Hier in Kiel werden Norddeutschland und Norwegen zusammengebracht. Nicht nur durch eine Fährverbindung, sondern auch durch politische, wirtschaftliche und kulturelle Zusammenarbeit. Ein gutes Beispiel ist die intensive regionale Zusammenarbeit mit der norwegischen Region Østlandet. Viele ihrer Vertreter sind heute hier anwesend. Auf der globalen Arena stehen Norwegen und Deutschland sich ebenfalls nahe. Wir arbeiten auf vielen Gebieten eng zusammen: Energie, Abrüstung, Handel, Entwicklung und auch im „hohen Norden“.

Darum sind die Entwicklung in Deutschland und unser Verhältnis zu Ihnen so wichtig für die Interessen Norwegens. Wir danken der deutschen Regierung und dem deutschen Volk für das Engagement und die Offenheit, die Sie Norwegen entgegenbringen. Es war nur natürlich, dass Ministerpräsidentin Erna Solberg ausgerechnet Berlin als Ziel ihrer ersten Auslandsreise wählte.

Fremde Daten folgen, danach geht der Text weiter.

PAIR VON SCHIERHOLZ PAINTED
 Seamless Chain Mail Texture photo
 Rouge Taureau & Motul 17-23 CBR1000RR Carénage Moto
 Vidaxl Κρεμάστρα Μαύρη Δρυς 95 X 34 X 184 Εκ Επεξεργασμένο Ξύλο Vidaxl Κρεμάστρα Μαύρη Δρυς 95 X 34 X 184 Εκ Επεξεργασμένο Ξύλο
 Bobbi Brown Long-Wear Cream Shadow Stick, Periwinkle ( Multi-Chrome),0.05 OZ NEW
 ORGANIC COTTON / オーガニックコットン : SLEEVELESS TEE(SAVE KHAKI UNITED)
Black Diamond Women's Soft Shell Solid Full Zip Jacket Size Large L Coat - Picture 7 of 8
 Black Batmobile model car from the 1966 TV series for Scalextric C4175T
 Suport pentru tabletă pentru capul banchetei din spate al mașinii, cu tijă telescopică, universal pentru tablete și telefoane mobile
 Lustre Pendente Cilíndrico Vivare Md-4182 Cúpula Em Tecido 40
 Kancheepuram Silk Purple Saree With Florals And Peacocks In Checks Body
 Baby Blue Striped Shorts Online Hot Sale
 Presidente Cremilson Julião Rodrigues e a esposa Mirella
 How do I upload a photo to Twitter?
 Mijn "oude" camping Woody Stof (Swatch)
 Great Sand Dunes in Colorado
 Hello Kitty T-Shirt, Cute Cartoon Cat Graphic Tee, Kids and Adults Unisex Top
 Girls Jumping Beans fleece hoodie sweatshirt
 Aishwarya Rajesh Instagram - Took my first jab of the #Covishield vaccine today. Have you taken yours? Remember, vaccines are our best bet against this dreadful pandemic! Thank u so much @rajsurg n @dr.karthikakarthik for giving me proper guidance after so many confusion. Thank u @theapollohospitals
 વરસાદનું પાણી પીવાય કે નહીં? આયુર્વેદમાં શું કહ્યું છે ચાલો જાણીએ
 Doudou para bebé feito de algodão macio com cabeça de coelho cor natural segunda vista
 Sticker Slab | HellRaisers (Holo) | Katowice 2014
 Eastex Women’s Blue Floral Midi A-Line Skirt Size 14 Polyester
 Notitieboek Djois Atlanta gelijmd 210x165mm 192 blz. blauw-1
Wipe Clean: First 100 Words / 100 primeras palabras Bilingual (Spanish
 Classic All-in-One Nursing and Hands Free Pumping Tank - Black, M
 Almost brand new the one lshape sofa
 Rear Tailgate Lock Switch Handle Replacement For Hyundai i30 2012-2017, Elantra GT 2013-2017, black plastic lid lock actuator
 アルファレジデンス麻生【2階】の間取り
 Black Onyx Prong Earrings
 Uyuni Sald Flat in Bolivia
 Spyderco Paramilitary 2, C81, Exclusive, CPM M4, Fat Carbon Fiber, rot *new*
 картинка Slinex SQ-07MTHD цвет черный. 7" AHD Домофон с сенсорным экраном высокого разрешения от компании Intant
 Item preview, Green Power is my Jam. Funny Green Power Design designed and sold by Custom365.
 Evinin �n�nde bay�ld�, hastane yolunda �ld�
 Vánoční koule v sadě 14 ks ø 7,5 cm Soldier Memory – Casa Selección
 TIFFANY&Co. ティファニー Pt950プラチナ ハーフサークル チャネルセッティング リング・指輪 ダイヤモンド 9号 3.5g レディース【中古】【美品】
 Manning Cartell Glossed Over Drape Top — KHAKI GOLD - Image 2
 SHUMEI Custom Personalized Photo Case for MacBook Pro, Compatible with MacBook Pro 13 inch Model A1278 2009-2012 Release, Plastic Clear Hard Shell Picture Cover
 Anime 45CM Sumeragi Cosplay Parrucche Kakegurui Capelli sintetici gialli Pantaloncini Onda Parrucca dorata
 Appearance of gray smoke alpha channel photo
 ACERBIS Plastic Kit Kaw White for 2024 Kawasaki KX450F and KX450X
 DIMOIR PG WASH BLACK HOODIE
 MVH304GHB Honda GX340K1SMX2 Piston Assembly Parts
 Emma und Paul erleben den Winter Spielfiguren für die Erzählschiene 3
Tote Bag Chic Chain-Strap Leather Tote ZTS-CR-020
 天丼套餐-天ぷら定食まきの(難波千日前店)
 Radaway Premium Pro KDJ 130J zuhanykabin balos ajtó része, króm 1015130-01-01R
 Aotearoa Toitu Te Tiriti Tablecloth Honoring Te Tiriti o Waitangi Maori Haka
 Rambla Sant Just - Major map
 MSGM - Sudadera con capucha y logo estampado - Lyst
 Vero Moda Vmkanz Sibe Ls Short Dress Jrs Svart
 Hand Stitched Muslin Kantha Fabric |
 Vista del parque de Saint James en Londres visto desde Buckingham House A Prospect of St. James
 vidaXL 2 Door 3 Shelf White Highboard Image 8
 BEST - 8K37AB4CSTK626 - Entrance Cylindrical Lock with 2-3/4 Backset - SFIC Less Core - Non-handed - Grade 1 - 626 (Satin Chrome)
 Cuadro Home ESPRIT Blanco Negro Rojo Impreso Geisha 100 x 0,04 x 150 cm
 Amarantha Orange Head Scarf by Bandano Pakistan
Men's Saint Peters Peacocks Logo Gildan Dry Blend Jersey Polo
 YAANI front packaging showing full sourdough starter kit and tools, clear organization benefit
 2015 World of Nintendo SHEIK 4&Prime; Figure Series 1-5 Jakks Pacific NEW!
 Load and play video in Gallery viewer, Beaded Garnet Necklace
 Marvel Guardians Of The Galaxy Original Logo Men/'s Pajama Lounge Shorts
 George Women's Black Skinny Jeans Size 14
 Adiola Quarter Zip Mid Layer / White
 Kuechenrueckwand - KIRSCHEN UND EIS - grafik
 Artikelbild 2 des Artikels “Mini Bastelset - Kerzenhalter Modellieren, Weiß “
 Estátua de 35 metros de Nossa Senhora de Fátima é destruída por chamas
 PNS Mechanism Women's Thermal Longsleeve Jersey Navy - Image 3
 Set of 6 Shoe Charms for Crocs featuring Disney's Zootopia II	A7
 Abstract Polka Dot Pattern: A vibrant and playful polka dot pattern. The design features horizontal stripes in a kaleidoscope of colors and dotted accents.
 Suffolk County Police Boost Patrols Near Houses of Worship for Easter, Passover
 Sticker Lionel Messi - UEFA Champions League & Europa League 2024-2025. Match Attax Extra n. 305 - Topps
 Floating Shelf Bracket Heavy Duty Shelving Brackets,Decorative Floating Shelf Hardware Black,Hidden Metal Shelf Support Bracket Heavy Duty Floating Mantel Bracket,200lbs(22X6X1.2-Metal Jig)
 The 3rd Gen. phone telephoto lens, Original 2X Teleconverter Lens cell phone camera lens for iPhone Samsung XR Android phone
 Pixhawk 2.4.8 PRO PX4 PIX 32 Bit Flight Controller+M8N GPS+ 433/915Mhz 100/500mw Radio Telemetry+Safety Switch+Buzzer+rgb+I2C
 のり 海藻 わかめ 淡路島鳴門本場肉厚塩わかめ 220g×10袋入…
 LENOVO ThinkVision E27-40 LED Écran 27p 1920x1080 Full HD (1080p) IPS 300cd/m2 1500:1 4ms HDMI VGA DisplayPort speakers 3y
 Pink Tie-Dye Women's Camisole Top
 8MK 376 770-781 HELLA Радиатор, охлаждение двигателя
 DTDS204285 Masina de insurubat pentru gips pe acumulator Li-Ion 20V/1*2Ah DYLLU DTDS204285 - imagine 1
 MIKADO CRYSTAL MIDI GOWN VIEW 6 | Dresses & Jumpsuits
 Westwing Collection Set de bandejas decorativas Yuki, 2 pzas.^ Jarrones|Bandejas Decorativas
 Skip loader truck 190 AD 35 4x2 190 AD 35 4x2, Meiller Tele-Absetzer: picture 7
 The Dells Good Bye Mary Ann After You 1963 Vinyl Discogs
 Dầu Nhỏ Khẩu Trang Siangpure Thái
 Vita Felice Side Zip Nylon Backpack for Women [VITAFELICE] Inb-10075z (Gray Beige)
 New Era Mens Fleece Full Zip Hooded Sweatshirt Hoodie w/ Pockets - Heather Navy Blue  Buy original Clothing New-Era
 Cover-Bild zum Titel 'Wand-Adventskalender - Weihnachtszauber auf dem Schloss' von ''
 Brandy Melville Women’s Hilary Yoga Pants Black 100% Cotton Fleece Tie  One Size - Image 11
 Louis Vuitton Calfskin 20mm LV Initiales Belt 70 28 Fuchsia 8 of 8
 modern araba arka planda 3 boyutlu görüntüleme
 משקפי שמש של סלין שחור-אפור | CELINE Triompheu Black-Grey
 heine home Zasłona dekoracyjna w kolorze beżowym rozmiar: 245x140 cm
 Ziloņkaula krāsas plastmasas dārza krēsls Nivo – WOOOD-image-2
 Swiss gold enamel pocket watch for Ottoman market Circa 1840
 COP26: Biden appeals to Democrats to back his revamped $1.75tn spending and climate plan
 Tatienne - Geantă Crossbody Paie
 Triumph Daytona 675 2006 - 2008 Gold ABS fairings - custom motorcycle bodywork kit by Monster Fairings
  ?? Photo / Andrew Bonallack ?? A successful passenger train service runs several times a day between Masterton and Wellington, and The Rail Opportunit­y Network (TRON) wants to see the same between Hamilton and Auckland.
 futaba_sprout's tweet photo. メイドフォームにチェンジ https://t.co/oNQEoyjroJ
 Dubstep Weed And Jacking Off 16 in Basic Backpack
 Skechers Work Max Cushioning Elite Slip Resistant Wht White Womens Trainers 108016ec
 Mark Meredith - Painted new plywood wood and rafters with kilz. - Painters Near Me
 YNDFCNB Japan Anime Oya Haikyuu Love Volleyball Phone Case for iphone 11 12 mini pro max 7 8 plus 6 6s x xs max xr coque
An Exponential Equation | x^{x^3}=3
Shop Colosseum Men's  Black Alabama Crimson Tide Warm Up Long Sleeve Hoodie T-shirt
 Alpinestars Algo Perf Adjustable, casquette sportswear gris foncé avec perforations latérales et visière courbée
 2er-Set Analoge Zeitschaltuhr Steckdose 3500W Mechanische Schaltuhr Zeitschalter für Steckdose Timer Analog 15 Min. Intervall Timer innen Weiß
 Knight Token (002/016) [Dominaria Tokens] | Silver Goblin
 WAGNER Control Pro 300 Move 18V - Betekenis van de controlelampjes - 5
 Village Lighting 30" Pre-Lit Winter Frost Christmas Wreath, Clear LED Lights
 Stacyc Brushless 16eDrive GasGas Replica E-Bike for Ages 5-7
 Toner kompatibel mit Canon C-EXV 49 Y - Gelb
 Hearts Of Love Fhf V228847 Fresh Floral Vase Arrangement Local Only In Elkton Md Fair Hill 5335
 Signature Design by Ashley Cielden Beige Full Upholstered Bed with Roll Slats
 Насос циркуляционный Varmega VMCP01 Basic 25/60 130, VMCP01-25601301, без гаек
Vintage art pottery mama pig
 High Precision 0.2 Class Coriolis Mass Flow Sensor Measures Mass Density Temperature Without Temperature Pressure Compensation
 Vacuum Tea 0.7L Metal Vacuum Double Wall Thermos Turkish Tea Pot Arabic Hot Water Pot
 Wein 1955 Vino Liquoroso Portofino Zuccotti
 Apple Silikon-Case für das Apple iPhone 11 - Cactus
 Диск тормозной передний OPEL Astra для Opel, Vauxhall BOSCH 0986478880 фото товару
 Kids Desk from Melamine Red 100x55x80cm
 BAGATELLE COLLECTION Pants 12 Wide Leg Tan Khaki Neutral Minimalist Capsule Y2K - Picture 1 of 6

Das Jubiläumsjahr 2014 regt uns alle zu Reflektion, Engagement und Teilhabe an demokratischen Prozessen an.

Die heutige Feier und unsere eigenen Festlichkeiten zum Jubiläum der norwegischen Verfassung geben uns Anlass, eine Debatte über die zukünftigen Herausforderungen, vor denen die Demokratie steht, anzustoßen.

Die norwegische Verfassung hat seit 200 Jahren eine Vorreiterfunktion für viele Länder in der ganzen Welt. Die Prinzipien der Verfassung und unsere eigenen Erfahrungen aus der Zeit nach dem Kieler Frieden geben uns die Grundlage zu internationaler Zusammenarbeit. Für Frieden und Versöhnung, für die Förderung von Menschenrechten und die Entwicklung von Demokratie und für die Unterstützung der Zivilgesellschaft.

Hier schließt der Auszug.